The other answers are incorrect because they do not mention sterility and because
antiseptic mouthwash could destroy the organism to be cultured (before sputum
collection, the patient may use only tap water for nursing the mouth).
15. An autoclave is used to sterilize hospital supplies because:
A. More articles can be sterilized at a time
B. Steam causes less damage to the materials
C. A lower temperature can be obtained
D. Pressurized steam penetrates the supplies better
15. Answer: D. Pressurized steam penetrates the supplies better
An autoclave, an apparatus that sterilizes equipment by means of high-temperature
pressurized steam, is used because it can destroy all forms of microorganisms, including
spores.
16. The best way to decrease the risk of transferring pathogens to a patient when removing
contaminated gloves is to:
A. Wash the gloves before removing them
B. Gently pull on the fingers of the gloves when removing them
C. Gently pull just below the cuff and invert the gloves when removing them
D. Remove the gloves and then turn them inside out
16. Answer: C. Gently pull just below the cuff and invert the gloves when removing
them
Turning the gloves inside out while removing them keeps all contaminants inside the
gloves. They should then be placed in a plastic bag with soiled dressings and discarded
in a soiled utility room garbage pail (double bagged). The other choices can spread
pathogens within the environment.
17. After having an I.V. line in place for 72 hours, a patient complains of tenderness, burning, and
swelling. Assessment of the I.V. site reveals that it is warm and erythematous. This usually
indicates:
A. Infection
B. Infiltration
C. Phlebitis
D. Bleeding
17. Answer: C. Phlebitis
Tenderness, warmth, swelling, and, in some instances, a burning sensation are signs and
symptoms of phlebitis. Infection is less likely because no drainage or fever is present.
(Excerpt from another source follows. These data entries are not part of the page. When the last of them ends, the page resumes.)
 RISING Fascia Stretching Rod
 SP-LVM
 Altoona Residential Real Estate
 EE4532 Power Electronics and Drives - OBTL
Infiltration would result in swelling and pallor, not erythema, near the insertion site.
The patient has no evidence of bleeding.
18. To ensure homogenization when diluting powdered medication in a vial, the nurse should:
A. Shake the vial vigorously
B. Roll the vial gently between the palms
C. Invert the vial and let it stand for 1 minute
D. Do nothing after adding the solution to the via
18. Answer: B. Roll the vial gently between the palms
Gently rolling a sealed vial between the palms produces sufficient heat to enhance
dissolution of a powdered medication. Shaking the vial vigorously can break down the
medication and alter its pharmacologic action. Inverting the vial or leaving it alone does
not ensure thorough homogenization of the powder and the solvent.
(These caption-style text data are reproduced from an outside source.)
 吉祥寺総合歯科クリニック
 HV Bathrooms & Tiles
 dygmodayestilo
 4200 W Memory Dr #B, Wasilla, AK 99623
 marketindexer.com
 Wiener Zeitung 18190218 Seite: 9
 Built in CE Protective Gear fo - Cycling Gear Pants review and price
19. The nurse is teaching a patient to prepare a syringe with 40 units of U-100 NPH insulin for
self-injection. The patient’s first priority concerning self-injection in this situation is to:
A. Assess the injection site
B. Select the appropriate injection site
C. Check the syringe to verify that the nurse has removed the prescribed insulin dose
D. Clean the injection site in a circular manner with alcohol sponge
19. Answer: C. Check the syringe to verify that the nurse has removed the prescribed
insulin dose
When the nurse teaches the patient to prepare an insulin injection, the patient’s first
priority is to validate the dose accuracy. The next steps are to select the site, assess the
site, and clean the site with alcohol before injecting the insulin.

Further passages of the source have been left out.